Author’s note: This post is the third part of a rough draft of an methods/approach section to an article that I am publicly writing on this blog. I’ve previously written and posted an Introduction section. As you may see in the author’s notes to the previous two parts of this section, I had a system in mind on how I would write this, but it became clear in the third week that that system isn’t… going to work. I don’t know, man, I’m just trying to get some stuff down on paper here.

 

Land-use Metaphor in Scholarly Communication (DRAFT)

METHOD / APPROACH, PT. 3  (PT. 1 here; PT. 2 here)

In conclusion of this section, I will summarize the major points discussed, distilling them into a guide for our method / approach.

The three most basic mechanics we will employ are

  • identification of a metaphor (or conceptual metaphor) in circulation;
  • case-making for its suitability; or
  • case-making for its replacement;

along with a fourth mechanic, which is

  • identification of potential metaphors for tangential areas.
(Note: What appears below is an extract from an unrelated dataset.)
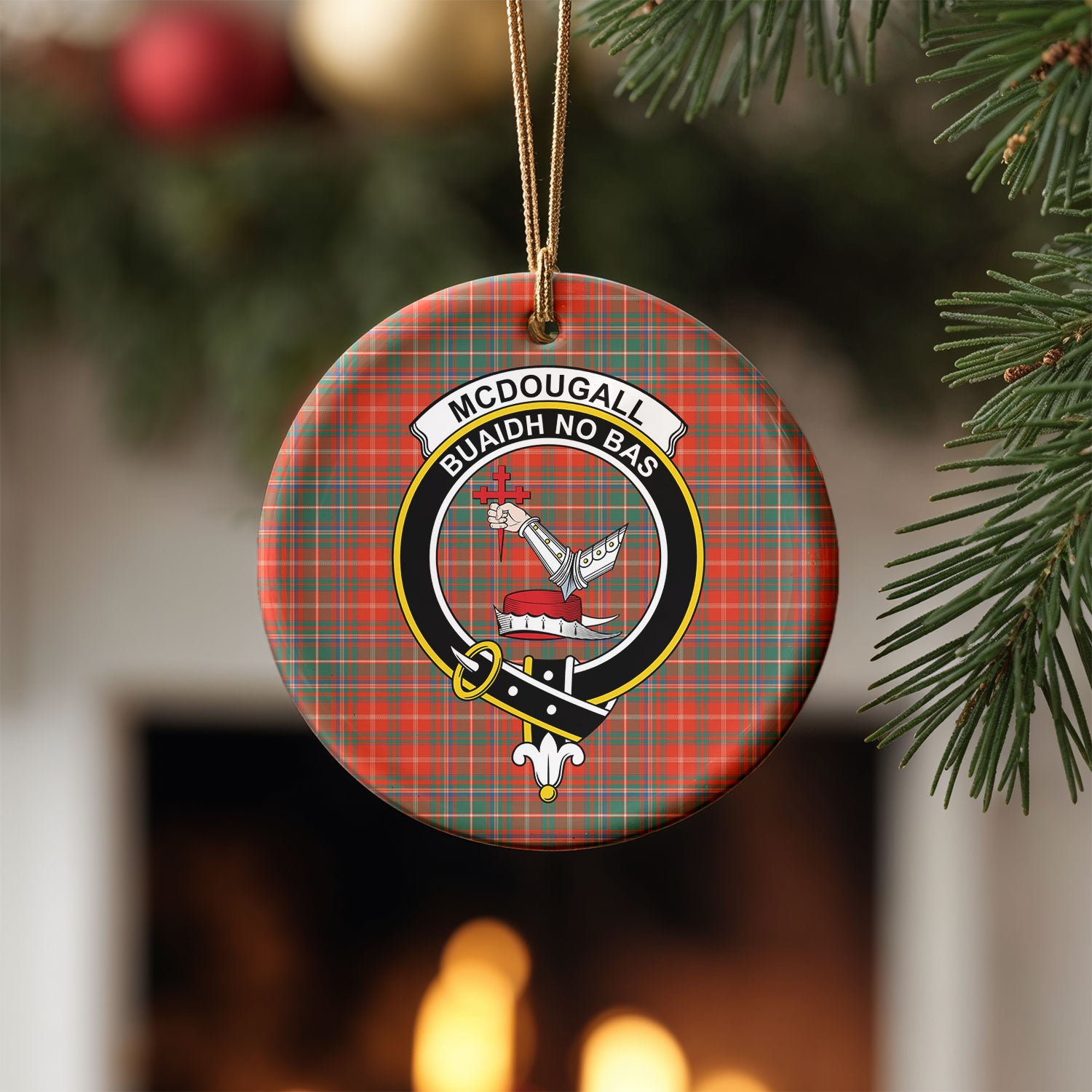 McDougall Ancient Tartan Crest Christmas Ceramic Ornament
Metaphors are figures of speech that allow us to refer to one thing in terms of another, and a conceptual metaphor is something that allows us to think about one conceptual domain in terms of another. A conceptual metaphor may gain circulation if it is catchy, vivid, or if the underlying mapping is clear or enticing. The wide circulation of a metaphor does not necessarily signal that the metaphor is actually sound. Further, even if a good number of metaphorical mappings are present, there may be other factors that make them unfit for beneficial use.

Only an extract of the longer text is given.